Copy the listing below exactly. Pictures stay out of it.
==== RECORD EXCERPTS ====
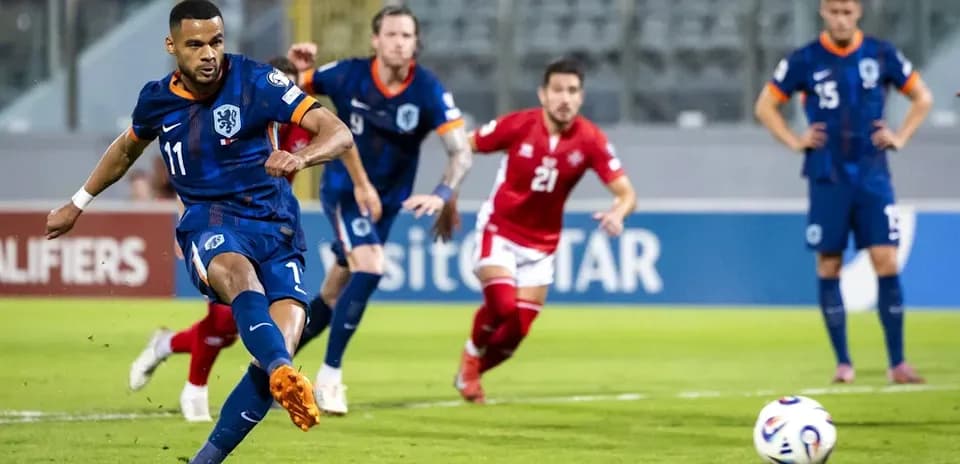 Jugador lanzando un penalti en partido clasificatorio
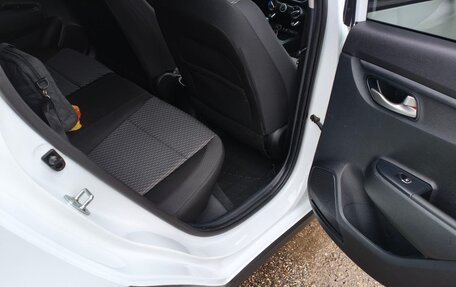 KIA Rio IV, 2018 год, 1 419 000 рублей, 15 фотография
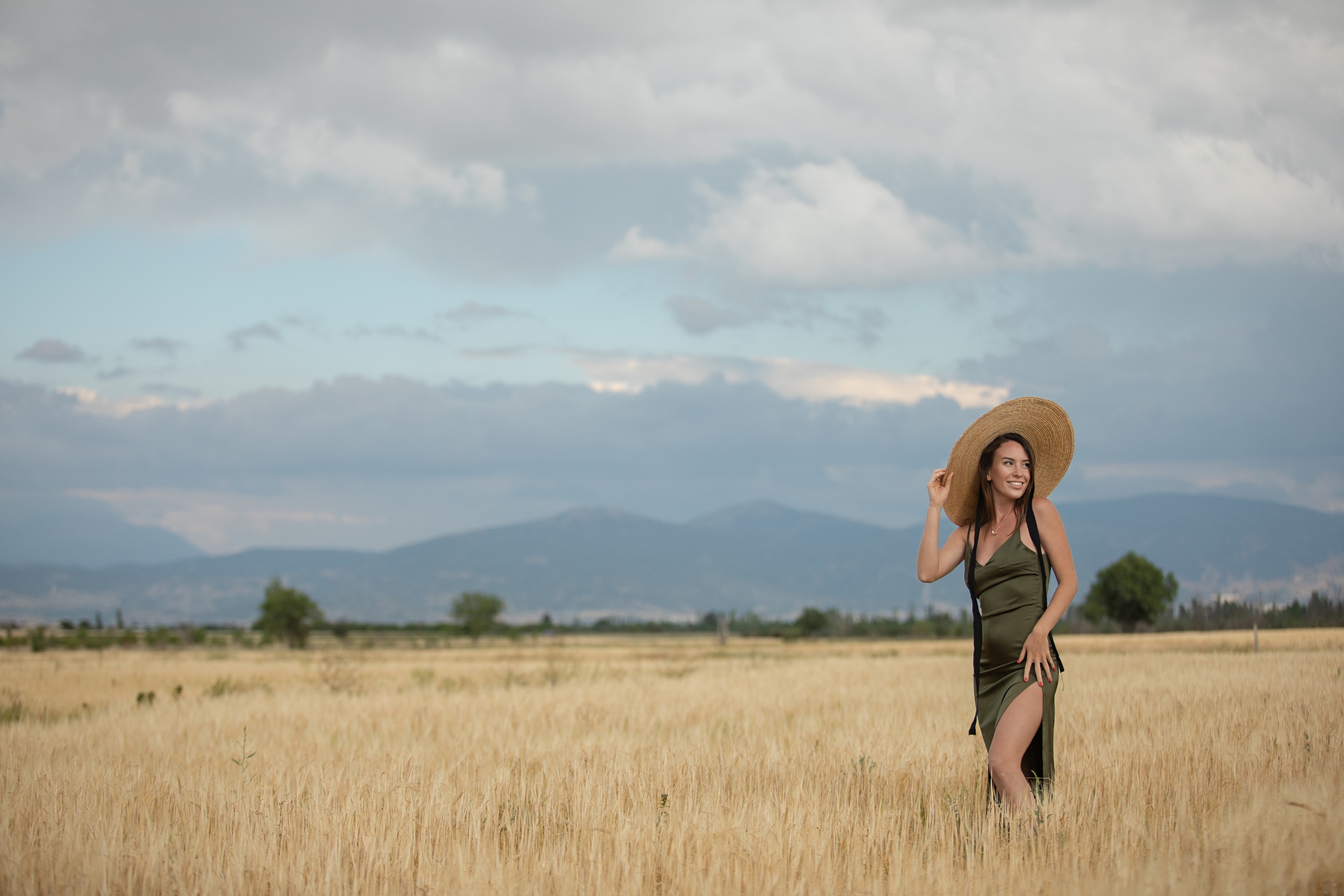 Фотосессия на полях в Турции. Фотосессия в полях пшениц.Что посетить в Анталии.Фотограф в Анталии. Фотограф в Турции. Фотограф в Белеке. Фотограф в Алании. Фотограф Аланья. Фотограф Анталья. Фотограф Белек. Фотограф Турция. Фотограф Каш. Фотограф Бодрум. . Что цветет в Турции.что цветет на анталийском побережье. Пшеничное поле. Поле пшеницы. Идеи фото на пшеничном поле. Просмотрите доску «пшеница Фотосессия в поле. стог сена. 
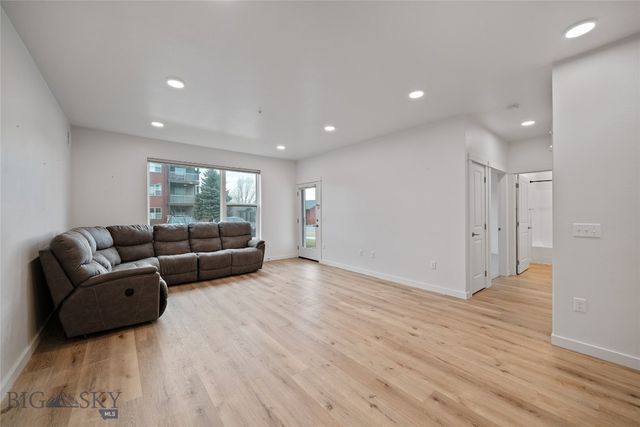 2221C Willow Drive 130, Livingston, MT 59047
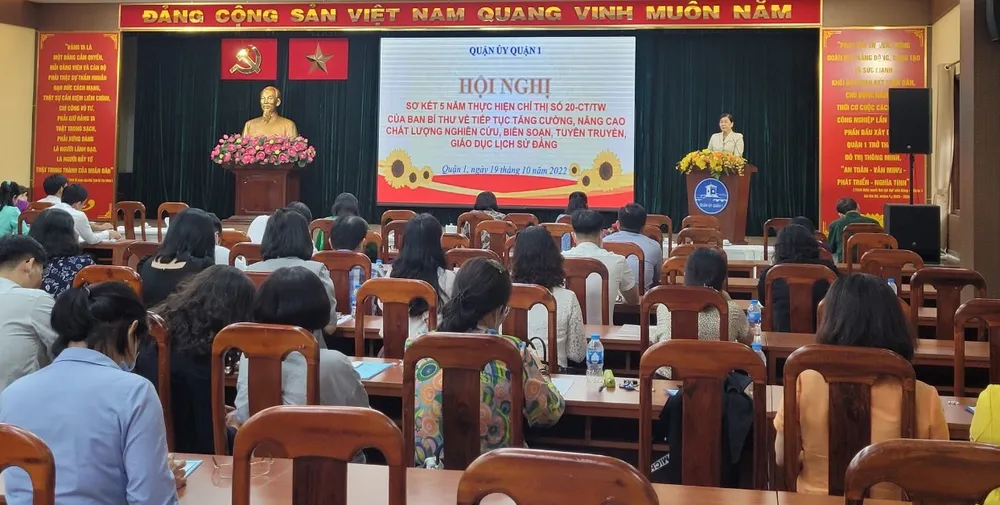 Tìm các giải pháp để tuyên truyền, giáo dục lịch sử Đảng cho học sinh ảnh 1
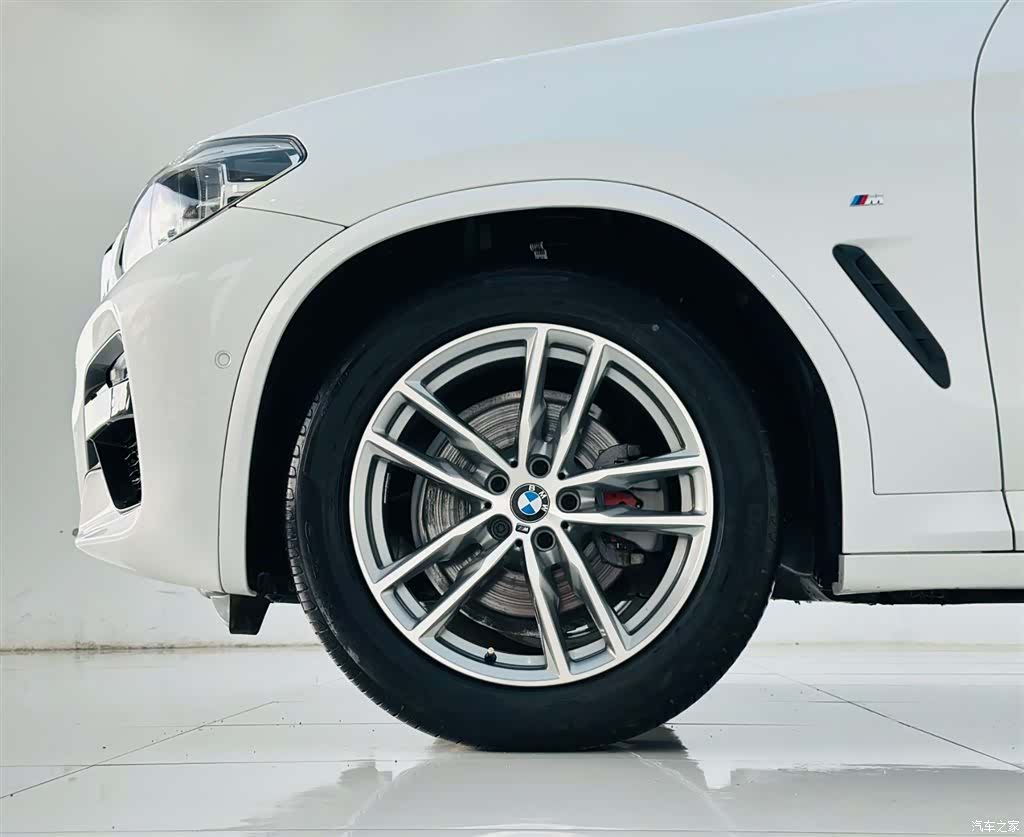 BMW X3, 2018 9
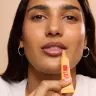 The Body Shop Born Lippy Lip Balm (10 ml, Thé glacé à la pêche)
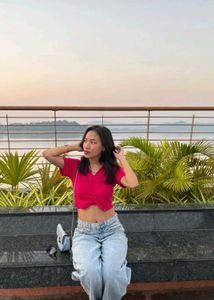 Vibrant Ribbed Knit Cropped Top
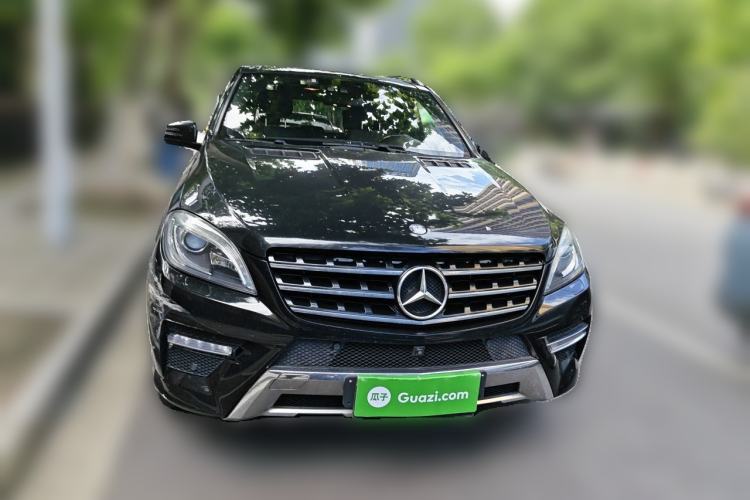 Used Mercedes-Benz M-Class 2014 ML 400 4MATIC Luxury Model Front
====
#### [ANSWER TO THE EXERCISE]
 Jugador lanzando un penalti en partido clasificatorio
 KIA Rio IV, 2018 год, 1 419 000 рублей, 15 фотография
 Фотосессия на полях в Турции. Фотосессия в полях пшениц.Что посетить в Анталии.Фотограф в Анталии. Фотограф в Турции. Фотограф в Белеке. Фотограф в Алании. Фотограф Аланья. Фотограф Анталья. Фотограф Белек. Фотограф Турция. Фотограф Каш. Фотограф Бодрум. . Что цветет в Турции.что цветет на анталийском побережье. Пшеничное поле. Поле пшеницы. Идеи фото на пшеничном поле. Просмотрите доску «пшеница Фотосессия в поле. стог сена. 
 2221C Willow Drive 130, Livingston, MT 59047
 Tìm các giải pháp để tuyên truyền, giáo dục lịch sử Đảng cho học sinh ảnh 1
 BMW X3, 2018 9
 The Body Shop Born Lippy Lip Balm (10 ml, Thé glacé à la pêche)
 Vibrant Ribbed Knit Cropped Top
 Used Mercedes-Benz M-Class 2014 ML 400 4MATIC Luxury Model Front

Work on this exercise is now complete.